··· DATA EXTRACTS

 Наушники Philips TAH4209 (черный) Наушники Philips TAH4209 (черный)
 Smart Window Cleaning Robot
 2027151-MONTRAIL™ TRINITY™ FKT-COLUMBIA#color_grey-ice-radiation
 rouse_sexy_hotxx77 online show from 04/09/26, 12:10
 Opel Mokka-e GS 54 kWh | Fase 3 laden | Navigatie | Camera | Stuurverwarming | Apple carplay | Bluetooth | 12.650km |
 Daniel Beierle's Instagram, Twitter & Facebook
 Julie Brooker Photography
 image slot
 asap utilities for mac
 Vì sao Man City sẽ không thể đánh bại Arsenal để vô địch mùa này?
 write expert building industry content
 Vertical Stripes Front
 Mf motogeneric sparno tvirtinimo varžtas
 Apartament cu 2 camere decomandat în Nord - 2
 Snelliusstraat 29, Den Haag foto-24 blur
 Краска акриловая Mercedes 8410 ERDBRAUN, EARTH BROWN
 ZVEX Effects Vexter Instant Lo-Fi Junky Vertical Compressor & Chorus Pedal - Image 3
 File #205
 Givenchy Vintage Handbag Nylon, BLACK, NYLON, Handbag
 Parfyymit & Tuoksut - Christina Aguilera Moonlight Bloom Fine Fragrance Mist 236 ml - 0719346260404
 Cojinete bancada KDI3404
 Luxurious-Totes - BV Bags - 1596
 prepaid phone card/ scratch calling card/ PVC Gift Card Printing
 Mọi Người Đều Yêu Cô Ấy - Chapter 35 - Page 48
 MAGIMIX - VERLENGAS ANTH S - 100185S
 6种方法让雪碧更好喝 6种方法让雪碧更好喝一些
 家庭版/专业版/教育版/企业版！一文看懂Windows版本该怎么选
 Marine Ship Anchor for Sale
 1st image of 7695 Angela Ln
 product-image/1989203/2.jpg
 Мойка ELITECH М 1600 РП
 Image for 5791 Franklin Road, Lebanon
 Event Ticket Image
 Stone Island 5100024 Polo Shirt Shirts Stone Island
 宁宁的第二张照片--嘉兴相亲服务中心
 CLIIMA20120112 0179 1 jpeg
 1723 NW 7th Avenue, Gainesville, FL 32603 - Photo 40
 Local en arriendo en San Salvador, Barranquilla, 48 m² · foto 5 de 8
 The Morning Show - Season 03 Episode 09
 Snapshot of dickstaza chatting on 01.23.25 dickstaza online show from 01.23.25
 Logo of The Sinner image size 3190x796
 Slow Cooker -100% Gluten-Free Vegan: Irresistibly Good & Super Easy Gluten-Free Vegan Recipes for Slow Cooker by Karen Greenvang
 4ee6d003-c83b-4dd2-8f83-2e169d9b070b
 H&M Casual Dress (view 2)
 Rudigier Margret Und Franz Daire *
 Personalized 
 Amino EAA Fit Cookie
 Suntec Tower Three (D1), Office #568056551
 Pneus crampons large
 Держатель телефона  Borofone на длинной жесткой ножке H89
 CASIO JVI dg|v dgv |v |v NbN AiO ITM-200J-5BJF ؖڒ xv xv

······

• YOUR TASK:
In the material above, find each line containing the word "from" and copy it.

• ANSWER BOX:
 rouse_sexy_hotxx77 online show from 04/09/26, 12:10
 Snapshot of dickstaza chatting on 01.23.25 dickstaza online show from 01.23.25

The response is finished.